Knowing-in-action is the foundation beneath reflection-in-action. Where reflection-in-action names the practitioner's capacity to adjust mid-performance, knowing-in-action names the vast substrate of embodied, practiced competence that makes the adjusting possible. The potter centers the clay through a sensory-motor coordination she cannot articulate. The experienced developer feels that an architecture will not scale before she can explain why. The master teacher detects that a student has stopped understanding from a shift in posture no camera would flag. These are not preliminary forms of articulable knowledge. They are a different kind of knowing — Michael Polanyi's tacit dimension operationalized as professional competence. AI can reproduce what can be articulated. Knowing-in-action is what it structurally cannot reach.

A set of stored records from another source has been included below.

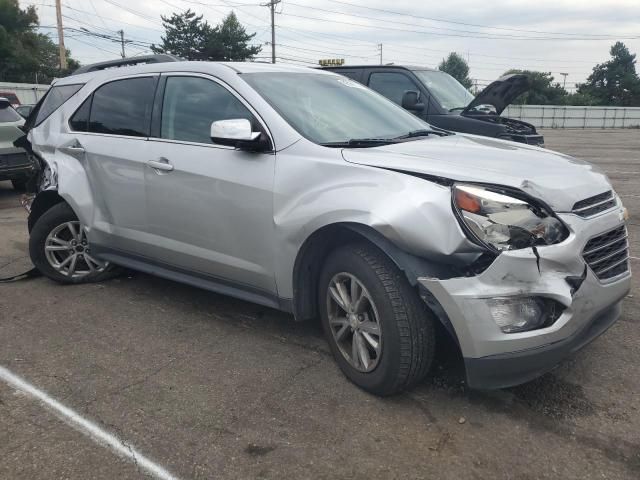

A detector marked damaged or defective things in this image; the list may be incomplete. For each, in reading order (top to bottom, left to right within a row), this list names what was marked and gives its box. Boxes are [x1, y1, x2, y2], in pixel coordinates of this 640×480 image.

crumpled hood [342, 134, 612, 211]
broken headlight [452, 183, 568, 251]
damaged front bumper [420, 210, 632, 390]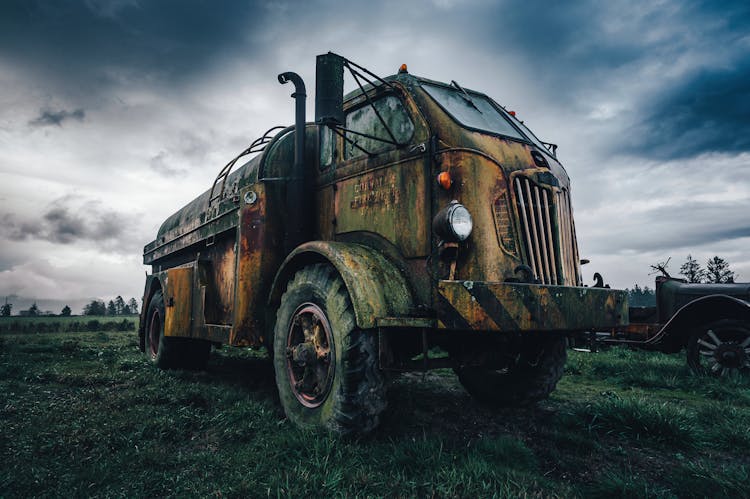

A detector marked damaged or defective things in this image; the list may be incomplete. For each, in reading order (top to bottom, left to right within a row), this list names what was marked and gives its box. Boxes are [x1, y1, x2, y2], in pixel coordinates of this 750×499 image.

rusty old truck [140, 53, 628, 434]
rusted wheel rim [286, 302, 336, 408]
rusted wheel rim [700, 326, 750, 376]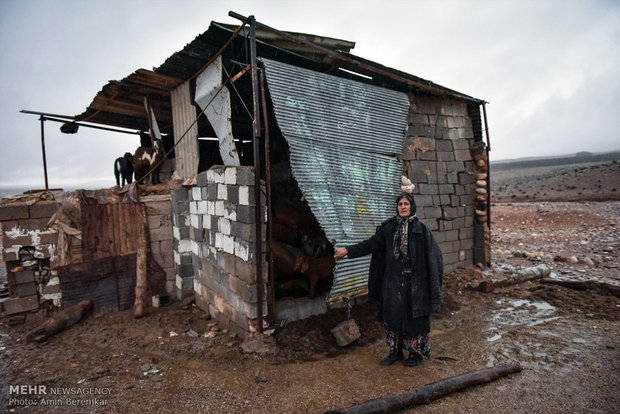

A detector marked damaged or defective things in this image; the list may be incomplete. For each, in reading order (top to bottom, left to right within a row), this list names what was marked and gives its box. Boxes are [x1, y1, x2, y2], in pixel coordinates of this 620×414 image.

rusty metal roof [71, 18, 480, 133]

The philosophical foundation for knowing-in-action predates Schon by decades. Michael Polanyi's The Tacit Dimension (1966) articulated the claim that "we know more than we can tell," and that the most important knowledge — the knowledge that makes skilled performance possible — resists full articulation not as a practical matter but as a logical one. Gilbert Ryle's earlier distinction between knowing-that and knowing-how laid similar groundwork. Schon's contribution was to take these philosophical insights into the empirical study of professional practice, and to demonstrate that knowing-in-action is not marginal but central to what distinguishes the master from the competent.
The repertoire that enables knowing-in-action is built through what this volume calls geological understanding — the layered deposition of experience through thousands of hours of engagement with a medium that resists. The diagnostician who reads a chest X-ray in eleven seconds sees what the resident cannot see after eleven minutes, not because her eyes are sharper but because her repertoire is deeper. Each prior X-ray deposited a layer. The layers accumulated into a perceptual competence that operates below the threshold of articulation. Ask her how she saw the mass, and she will pause. The seeing was the knowing, and the knowing does not live in language.

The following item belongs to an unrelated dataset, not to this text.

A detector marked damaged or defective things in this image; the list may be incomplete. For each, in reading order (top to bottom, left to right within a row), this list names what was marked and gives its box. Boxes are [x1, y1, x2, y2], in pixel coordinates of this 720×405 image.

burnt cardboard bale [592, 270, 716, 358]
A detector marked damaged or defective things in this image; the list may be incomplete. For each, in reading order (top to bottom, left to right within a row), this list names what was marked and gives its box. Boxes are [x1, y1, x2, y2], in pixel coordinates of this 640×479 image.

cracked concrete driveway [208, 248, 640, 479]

The AI moment creates a specific asymmetry that Schon's framework illuminates with uncomfortable clarity. AI replicates knowing-that with extraordinary completeness — the articulable substrate of professional knowledge. It does not replicate knowing-how or knowing-in-action, because these forms of knowledge were never in text to begin with. The professional equivalent of the potter's competence is what the senior engineer in Trivandrum recognized as her twenty percent — the judgment, the instinct, the taste — that remained hers after Claude absorbed the other eighty. The eighty percent was the articulable. The twenty was the embodied.

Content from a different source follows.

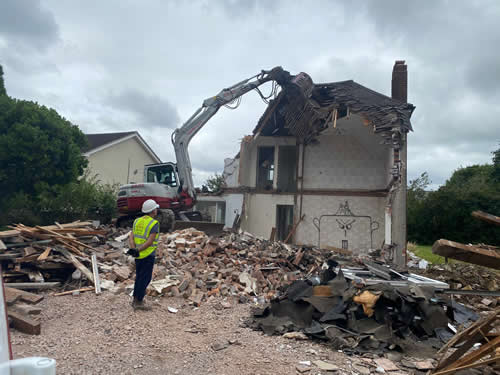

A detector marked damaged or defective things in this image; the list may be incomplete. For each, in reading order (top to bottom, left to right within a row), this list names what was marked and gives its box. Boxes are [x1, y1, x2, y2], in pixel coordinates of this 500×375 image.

damaged roof [254, 78, 414, 144]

The interaction between knowing-in-action and AI is more subtle than replacement. When the practitioner evaluates Claude's output, her evaluation is partly explicit (she reads the code, checks the logic) and partly tacit (she feels whether the architecture is right). The tacit evaluation is the most important contribution the practitioner makes to the partnership. It is also the most endangered. The tool's output is so polished that the practitioner's vague unease feels inadequate by comparison. The aesthetics of the smooth creates constant pressure to override the tacit verdict in favor of the visible, functional artifact. The author of The Orange Pill describes this dynamic in his account of the Deleuze passage: the code compiled, the prose flowed, and an overnight unease — knowing-in-action doing its work — was the only signal that something was wrong.
Schon introduced knowing-in-action in The Reflective Practitioner (1983) as the cognitive substrate beneath reflection-in-action, drawing explicitly on Polanyi's tacit dimension and implicitly on Ryle's earlier knowing-how/knowing-that distinction. He elaborated the concept in Educating the Reflective Practitioner (1987), where he argued that professional education's neglect of knowing-in-action was the deepest failing of the technical-rationality curriculum.
Competence as performance. The knowing is the doing; the knowledge does not exist outside the skilled action that expresses it.
The tacit dimension. Polanyi's insight operationalized — the most important professional knowledge cannot be fully articulated because articulation presupposes it.
Built through friction. Knowing-in-action develops through specific kinds of resistance that force reorganization of perception itself.
AI replicates knowing-that, not knowing-in-action. The audit performed by large language models separates, with unprecedented precision, the articulable from the embodied.
The irreducible human contribution. The practitioner's tacit evaluation of AI output is what the partnership cannot function without, and what the partnership makes hardest to exercise.
Skeptics argue that knowing-in-action is a temporary category — that sufficiently rich datasets and sufficiently sophisticated models will eventually articulate what currently resists articulation. Defenders respond that the argument misunderstands the concept: tacit knowledge is not difficult-to-articulate knowledge but constitutively non-propositional knowledge, and no amount of data will convert a potter's hands into a dataset. The empirical question of whether AI will eventually close this gap remains open; the conceptual question of what would count as closing it is where the debate actually lives.